Task directions: What is the number of lines in the entries that include the word "Franklin"? Respond with the number only.

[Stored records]
· · · ·

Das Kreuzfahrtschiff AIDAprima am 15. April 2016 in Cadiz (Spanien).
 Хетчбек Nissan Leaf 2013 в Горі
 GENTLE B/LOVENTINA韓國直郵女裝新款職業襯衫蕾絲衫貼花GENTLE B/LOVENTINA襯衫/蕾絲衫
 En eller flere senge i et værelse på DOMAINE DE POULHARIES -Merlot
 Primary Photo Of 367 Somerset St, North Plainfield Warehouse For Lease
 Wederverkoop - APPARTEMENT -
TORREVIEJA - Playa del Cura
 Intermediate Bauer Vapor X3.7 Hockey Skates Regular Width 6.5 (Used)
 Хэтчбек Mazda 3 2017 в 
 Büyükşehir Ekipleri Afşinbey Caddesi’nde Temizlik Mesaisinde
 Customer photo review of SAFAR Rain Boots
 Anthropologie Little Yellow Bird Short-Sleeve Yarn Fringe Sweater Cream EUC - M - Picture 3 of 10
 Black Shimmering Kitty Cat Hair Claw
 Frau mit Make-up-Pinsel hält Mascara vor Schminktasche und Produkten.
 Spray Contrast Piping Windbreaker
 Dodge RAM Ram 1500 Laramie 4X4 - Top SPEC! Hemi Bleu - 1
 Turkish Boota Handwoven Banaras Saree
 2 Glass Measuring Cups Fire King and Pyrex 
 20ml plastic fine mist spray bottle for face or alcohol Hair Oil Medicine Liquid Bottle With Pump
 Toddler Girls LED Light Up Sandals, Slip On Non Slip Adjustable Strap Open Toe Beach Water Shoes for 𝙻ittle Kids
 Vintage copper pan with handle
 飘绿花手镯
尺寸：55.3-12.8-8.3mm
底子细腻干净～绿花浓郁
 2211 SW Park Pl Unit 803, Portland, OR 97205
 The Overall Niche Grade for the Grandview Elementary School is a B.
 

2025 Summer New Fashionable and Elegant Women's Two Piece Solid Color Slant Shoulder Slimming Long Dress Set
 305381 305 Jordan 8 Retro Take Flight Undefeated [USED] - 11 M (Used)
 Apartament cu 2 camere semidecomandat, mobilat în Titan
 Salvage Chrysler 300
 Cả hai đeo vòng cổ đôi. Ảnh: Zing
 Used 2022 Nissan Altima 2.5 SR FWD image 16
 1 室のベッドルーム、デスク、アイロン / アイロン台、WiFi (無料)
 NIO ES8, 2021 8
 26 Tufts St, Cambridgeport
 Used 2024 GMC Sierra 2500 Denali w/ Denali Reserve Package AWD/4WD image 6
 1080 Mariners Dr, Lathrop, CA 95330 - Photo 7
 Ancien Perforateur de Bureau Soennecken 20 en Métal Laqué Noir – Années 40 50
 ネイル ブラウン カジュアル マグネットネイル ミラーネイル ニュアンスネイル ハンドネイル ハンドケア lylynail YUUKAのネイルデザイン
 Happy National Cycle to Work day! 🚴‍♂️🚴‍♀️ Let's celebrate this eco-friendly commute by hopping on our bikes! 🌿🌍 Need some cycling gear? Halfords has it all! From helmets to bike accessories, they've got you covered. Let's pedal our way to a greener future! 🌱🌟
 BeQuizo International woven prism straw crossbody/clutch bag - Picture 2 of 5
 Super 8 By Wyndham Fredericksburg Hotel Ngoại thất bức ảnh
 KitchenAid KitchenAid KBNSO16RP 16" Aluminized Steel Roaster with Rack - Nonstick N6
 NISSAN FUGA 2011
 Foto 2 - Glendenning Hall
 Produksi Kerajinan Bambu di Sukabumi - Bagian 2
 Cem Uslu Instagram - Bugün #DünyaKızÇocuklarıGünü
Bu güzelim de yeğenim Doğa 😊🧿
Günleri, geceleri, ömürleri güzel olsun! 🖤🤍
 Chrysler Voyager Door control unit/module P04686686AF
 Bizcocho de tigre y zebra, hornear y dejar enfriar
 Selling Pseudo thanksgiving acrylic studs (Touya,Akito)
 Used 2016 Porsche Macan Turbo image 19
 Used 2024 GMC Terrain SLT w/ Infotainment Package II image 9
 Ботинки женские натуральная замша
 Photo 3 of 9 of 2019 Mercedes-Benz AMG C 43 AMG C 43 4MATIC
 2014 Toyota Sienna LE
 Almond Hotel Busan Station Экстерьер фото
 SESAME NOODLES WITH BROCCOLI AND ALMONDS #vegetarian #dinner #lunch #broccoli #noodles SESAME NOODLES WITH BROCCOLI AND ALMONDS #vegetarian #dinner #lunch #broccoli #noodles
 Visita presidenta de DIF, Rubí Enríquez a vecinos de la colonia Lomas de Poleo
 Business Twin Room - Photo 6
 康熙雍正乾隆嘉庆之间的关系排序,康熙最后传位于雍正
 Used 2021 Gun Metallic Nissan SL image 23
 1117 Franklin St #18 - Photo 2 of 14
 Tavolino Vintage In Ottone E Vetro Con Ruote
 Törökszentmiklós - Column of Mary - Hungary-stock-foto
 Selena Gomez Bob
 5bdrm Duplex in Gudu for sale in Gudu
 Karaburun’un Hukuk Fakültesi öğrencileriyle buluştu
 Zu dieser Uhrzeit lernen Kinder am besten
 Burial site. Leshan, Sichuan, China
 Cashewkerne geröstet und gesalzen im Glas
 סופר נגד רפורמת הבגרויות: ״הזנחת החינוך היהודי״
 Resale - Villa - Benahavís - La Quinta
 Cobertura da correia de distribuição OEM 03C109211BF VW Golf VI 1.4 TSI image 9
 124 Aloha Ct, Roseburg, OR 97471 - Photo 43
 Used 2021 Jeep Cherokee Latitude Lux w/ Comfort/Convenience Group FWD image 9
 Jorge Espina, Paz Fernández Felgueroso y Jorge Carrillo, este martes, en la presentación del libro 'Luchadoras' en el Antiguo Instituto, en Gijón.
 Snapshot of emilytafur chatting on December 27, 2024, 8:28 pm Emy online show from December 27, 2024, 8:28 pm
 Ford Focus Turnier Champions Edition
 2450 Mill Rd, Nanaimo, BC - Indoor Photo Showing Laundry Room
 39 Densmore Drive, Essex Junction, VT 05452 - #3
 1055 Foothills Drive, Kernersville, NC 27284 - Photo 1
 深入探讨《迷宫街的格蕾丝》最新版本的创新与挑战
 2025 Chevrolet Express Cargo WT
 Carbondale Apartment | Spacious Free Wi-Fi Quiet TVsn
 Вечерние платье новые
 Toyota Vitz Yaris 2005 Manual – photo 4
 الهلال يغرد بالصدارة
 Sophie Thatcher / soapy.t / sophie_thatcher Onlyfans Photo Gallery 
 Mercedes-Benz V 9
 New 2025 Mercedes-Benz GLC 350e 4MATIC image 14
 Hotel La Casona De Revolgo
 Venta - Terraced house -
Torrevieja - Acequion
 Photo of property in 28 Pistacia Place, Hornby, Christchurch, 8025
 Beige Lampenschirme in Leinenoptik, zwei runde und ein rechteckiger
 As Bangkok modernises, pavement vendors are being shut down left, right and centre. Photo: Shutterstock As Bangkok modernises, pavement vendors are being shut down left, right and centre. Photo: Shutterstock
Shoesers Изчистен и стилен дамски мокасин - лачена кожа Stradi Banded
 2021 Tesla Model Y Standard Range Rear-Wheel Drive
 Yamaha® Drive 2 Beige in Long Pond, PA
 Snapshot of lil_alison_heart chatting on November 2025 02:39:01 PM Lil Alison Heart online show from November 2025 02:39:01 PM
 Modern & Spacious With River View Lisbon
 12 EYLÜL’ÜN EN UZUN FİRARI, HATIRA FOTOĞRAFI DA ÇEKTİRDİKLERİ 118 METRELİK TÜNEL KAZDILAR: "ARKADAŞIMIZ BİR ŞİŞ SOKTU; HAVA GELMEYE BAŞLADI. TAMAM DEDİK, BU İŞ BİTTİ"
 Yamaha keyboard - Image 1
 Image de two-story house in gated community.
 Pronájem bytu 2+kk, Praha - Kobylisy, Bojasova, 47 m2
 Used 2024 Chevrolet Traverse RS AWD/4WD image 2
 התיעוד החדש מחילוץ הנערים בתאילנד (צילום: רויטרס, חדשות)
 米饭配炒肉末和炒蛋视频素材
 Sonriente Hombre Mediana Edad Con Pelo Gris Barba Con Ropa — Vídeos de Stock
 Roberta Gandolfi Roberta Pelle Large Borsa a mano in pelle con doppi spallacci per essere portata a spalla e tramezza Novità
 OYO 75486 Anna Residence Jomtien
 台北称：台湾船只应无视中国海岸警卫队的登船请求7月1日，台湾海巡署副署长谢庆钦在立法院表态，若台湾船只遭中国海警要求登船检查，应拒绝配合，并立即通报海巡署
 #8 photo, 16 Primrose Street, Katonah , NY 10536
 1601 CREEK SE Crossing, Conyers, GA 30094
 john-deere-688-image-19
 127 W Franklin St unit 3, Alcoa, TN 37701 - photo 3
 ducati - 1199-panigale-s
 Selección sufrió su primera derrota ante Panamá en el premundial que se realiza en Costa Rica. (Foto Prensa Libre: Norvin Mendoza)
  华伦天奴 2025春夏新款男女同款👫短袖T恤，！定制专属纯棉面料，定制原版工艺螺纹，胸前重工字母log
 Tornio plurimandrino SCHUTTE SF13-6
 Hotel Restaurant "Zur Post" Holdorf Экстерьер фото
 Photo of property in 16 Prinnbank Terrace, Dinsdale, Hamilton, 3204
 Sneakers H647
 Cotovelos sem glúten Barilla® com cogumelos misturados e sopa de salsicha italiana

· · · ·

Your solution: 2